* ACTION ITEM: Beginning with the line that contains "Square white watch" and ending with the last line of the records, write out each line exactly and omit the pictures.

===== INPUT MATERIAL =====

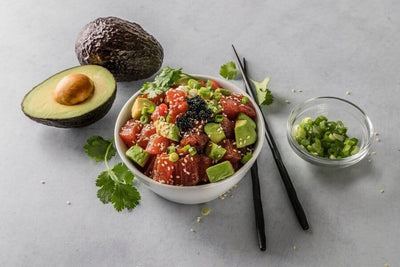 bowl of tuna poke with avocado and scallions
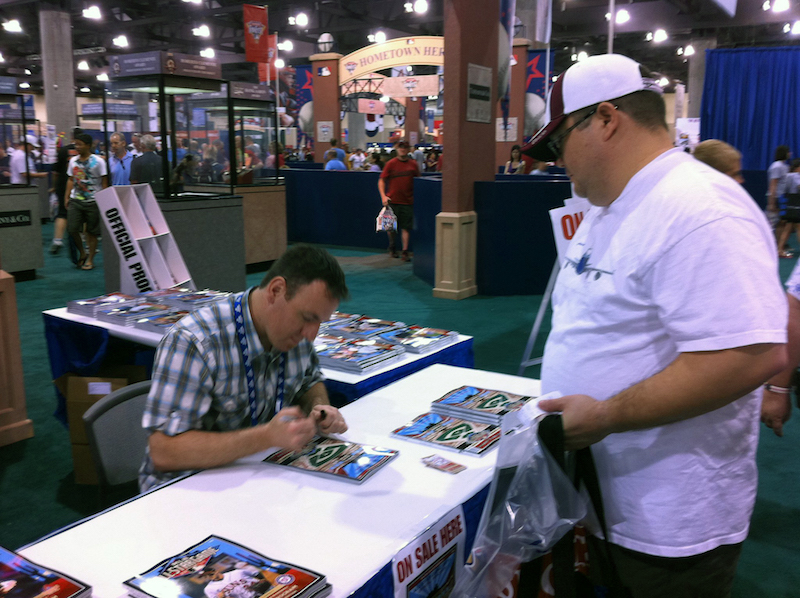 Speakman signing sports memorabilia 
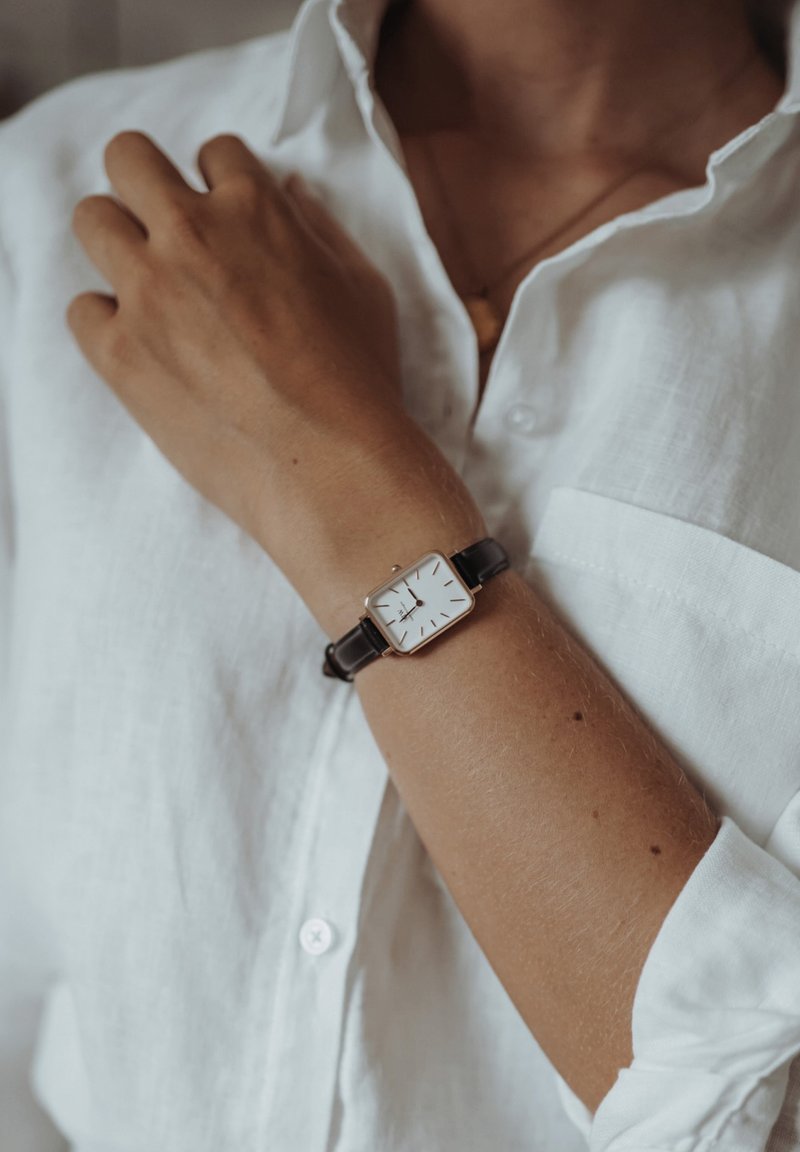 Square white watch with a gold frame and black leather band, worn on a wrist, accompanied by a white linen shirt.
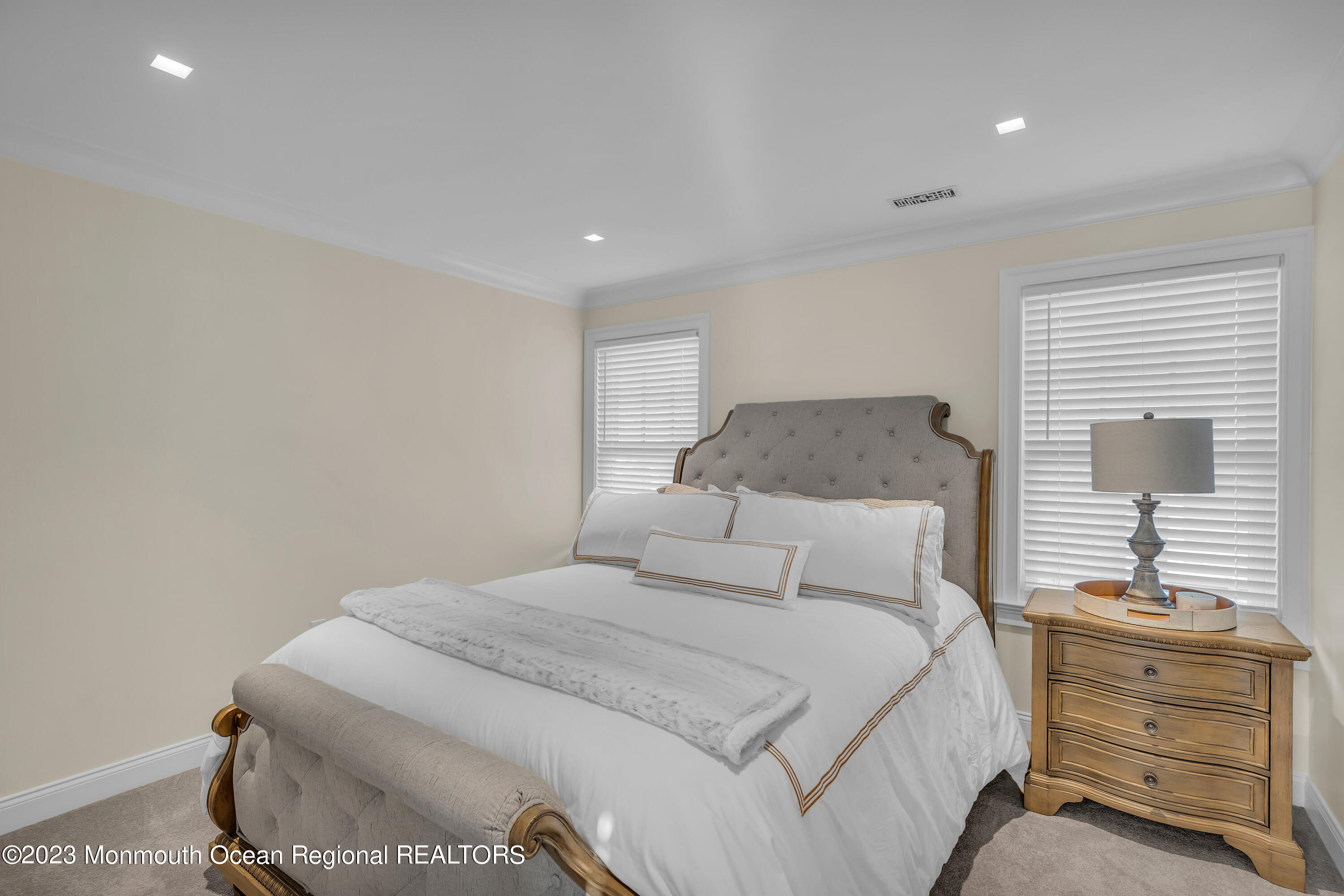 502 Brighton Avenue Spring Lake, NJ 07762 - Photo 34 of 78 a bedroom with a bed and a dresser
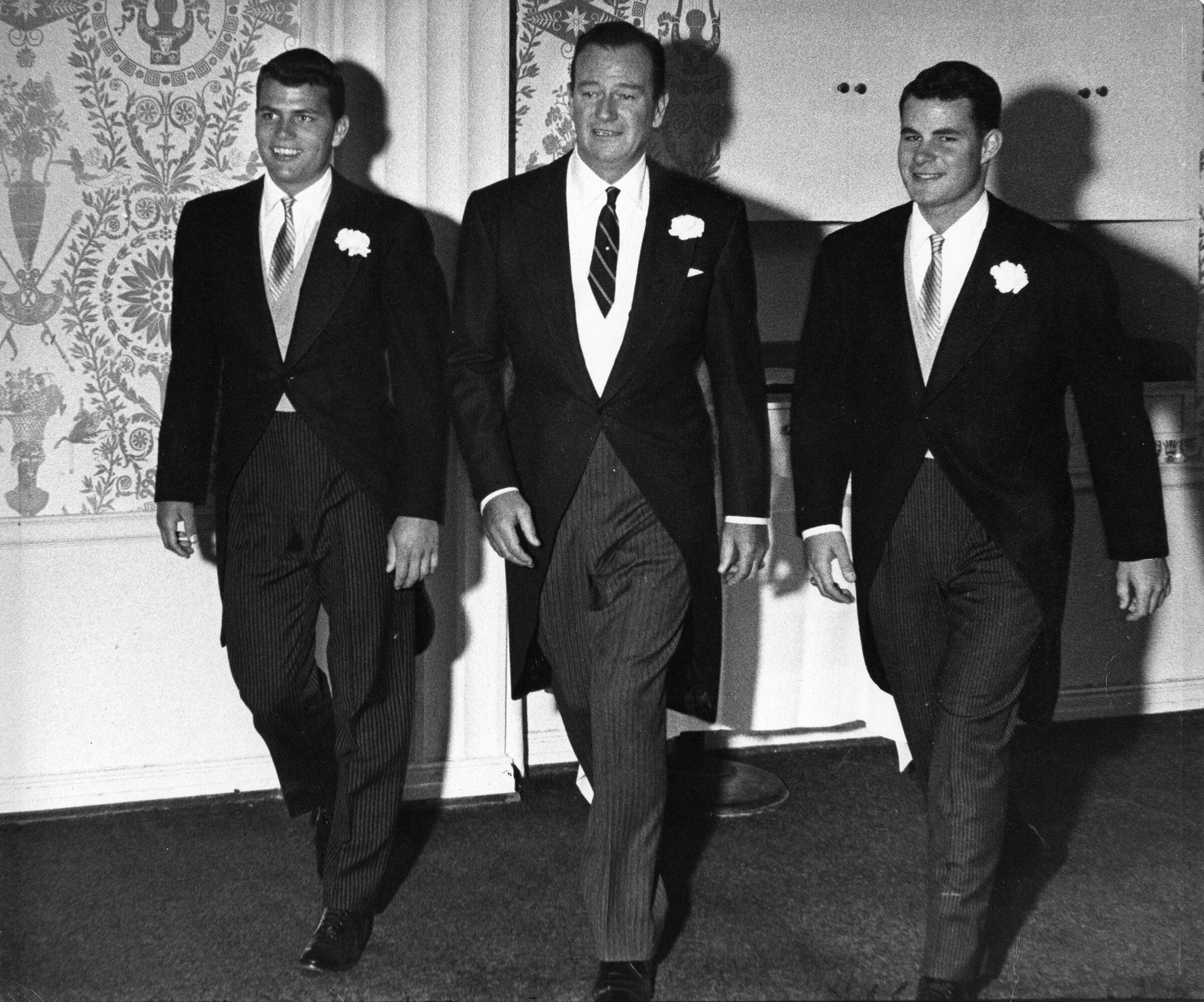 John Wayne with his sons Patrick (left) and Michael (right) make an entrance at Antonia Wayne’s wedding.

=====

* WRITTEN RESPONSE:
 Square white watch with a gold frame and black leather band, worn on a wrist, accompanied by a white linen shirt.
 502 Brighton Avenue Spring Lake, NJ 07762 - Photo 34 of 78 a bedroom with a bed and a dresser
 John Wayne with his sons Patrick (left) and Michael (right) make an entrance at Antonia Wayne’s wedding.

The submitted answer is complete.